Es hilft alles nichts. Man muss sich einfach auf dieses Land einlassen und wenn man als Tourist kommt, muss man sich vorher kundig machen, welche Apps man braucht usw. Das alles ist Arbeit. Wer prinzipielle Bedenken beim Nutzen von Apps hat, vielleicht sogar ängstlich ist, weil er vermutet, dass Informationen gesammelt werden, wird vielleicht nicht glücklich.

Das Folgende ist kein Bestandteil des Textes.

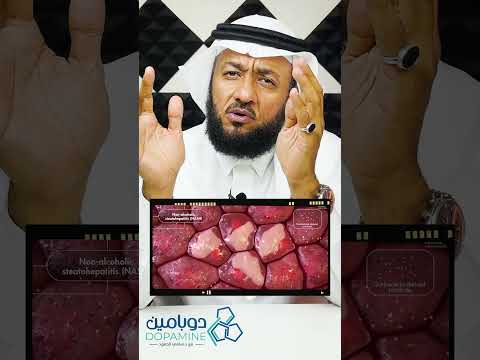 خطير معركة الكحول في الكبد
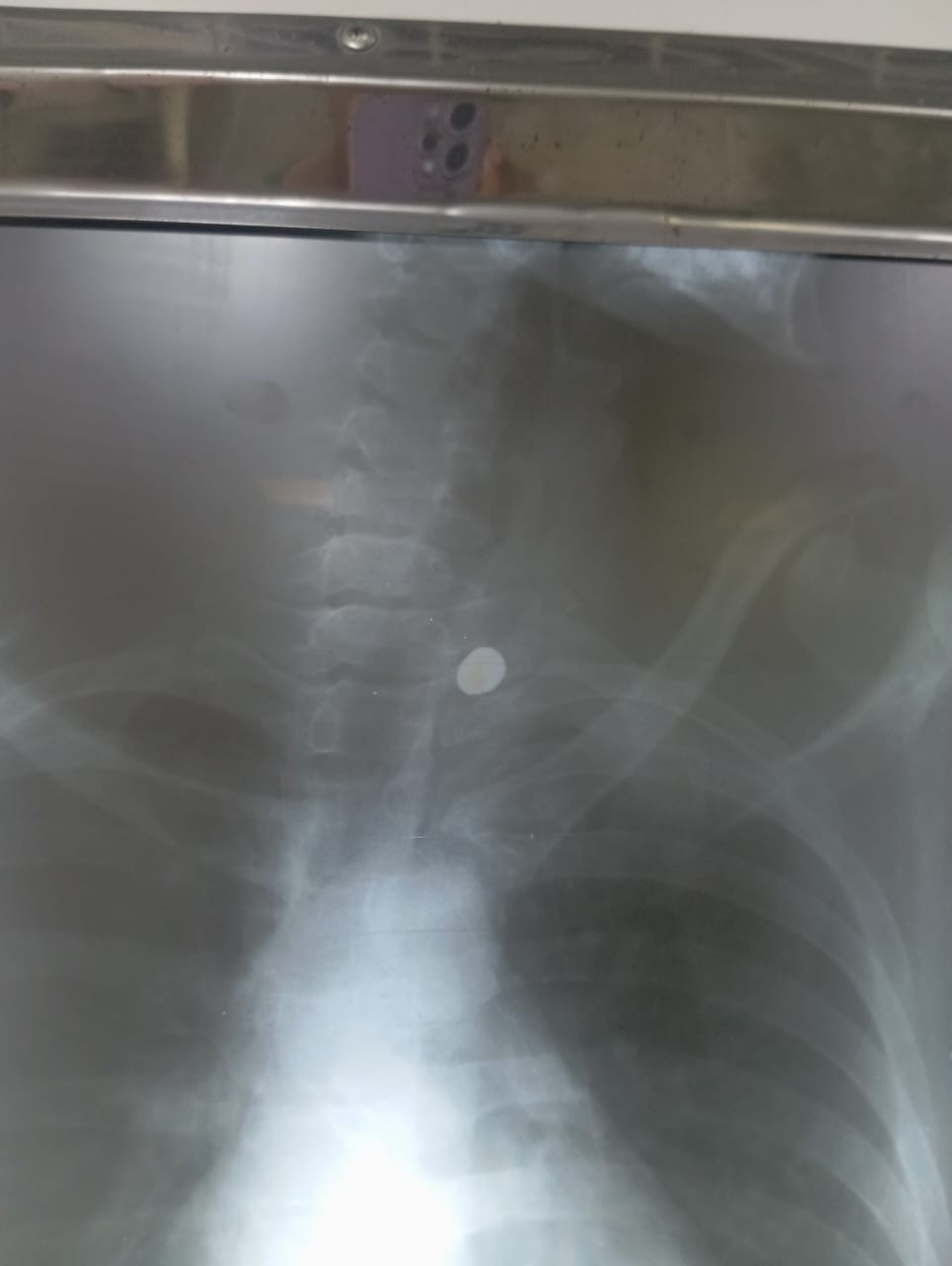 Jovem baleado em ação da PRE em Conceição do Coité recebe alta, sofre fraturas e volta para casa com projétil no corpo; cirurgia poderia causar tetraplegia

Andererseits funktionieren manche Dinge überraschend gut, mit denen man nicht gerechnet hat. Man kann über WhatsApp Nachrichten und Bilder nach Hause schicken, sobald man im Hotel angekommen ist und WLAN hat. Man kann auch über WhatsApp telefonieren. Eigentlich ist alles ganz einfach. Wenn man sich erst einmal daran gewöhnt hat, wird man es später in Deutschland vermissen.

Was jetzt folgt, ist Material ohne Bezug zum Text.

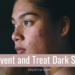 How to prevent and treat post inflammatory hyperpigmentation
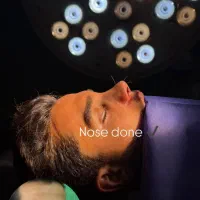 جراحی بینی فقط ۸و۹ آذر فقط۲۹ میلیون تومان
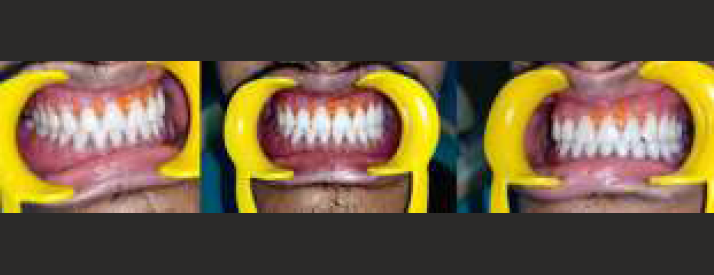 Maxillary Cu-sil overdenture & Mandibular overdenture - in patient's mouth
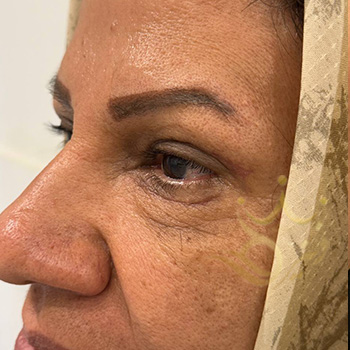 بلفاروپلاستی در مشهد خانم ذاکری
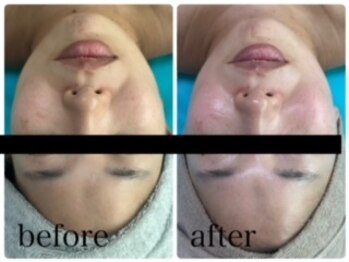 エクラニーク(Eclanique)/美肌！！！肌改善！！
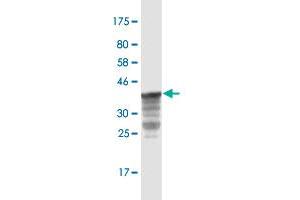 Western Blot detection against Immunogen (36. (PKC delta antibody  (AA 577-676))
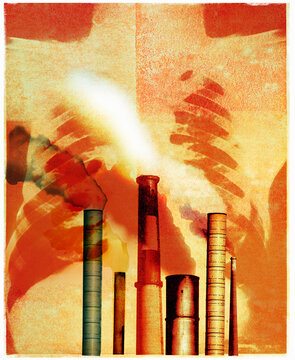 Pollution from factory emissions and chest problems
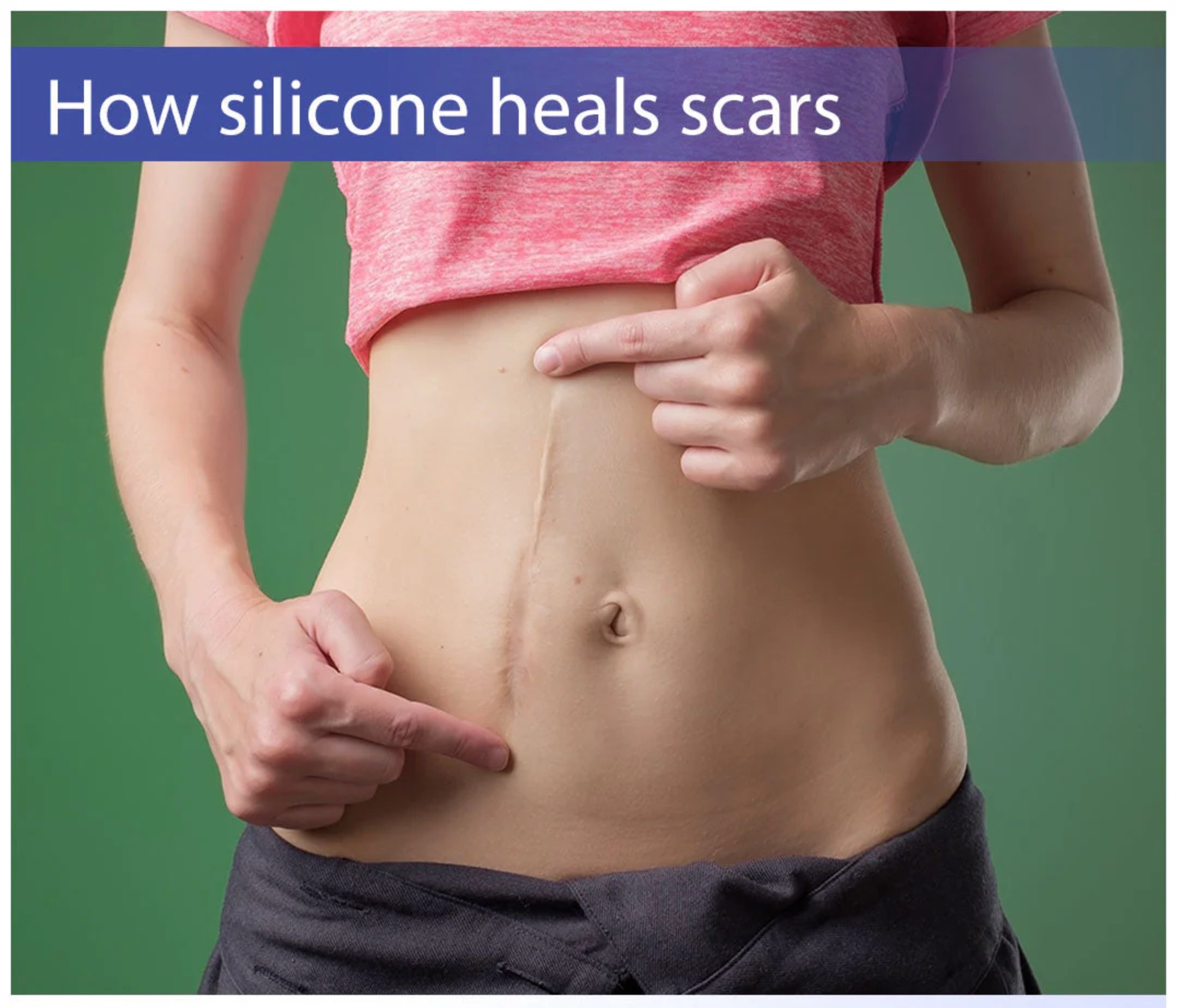 How Silicone Heals Scars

Man kann übrigens in China immer noch mit Bargeld bezahlen, obwohl ja irgendwie das Gerücht herumgeistert, dass hier nur noch digital bezahlt wird. Mit Bargeld geht es überall. Es gibt noch viele alte Leute, die von der Erneuerung des Landes in den letzten dreißig Jahren überrollt wurden, und die zahlen alle noch mit Bargeld. Das einzige Problem ist für einen Nicht-Chinesen, an Bargeld zu kommen. Bei der Bank of China sollte es aber problemlos mit einer gängigen Kreditkarte funktionieren.


Wem das alles zu viel ist, der kann sich in die Gegend um den Jing'an Tempel und die Shimen Road Number One usw. zurückziehen. Dort bleibt der Kulturschock aus. Es gibt sogar ganz viele Restaurants, in denen man europäisches Besteck bekommt, eben weil es europäische Restaurants sind.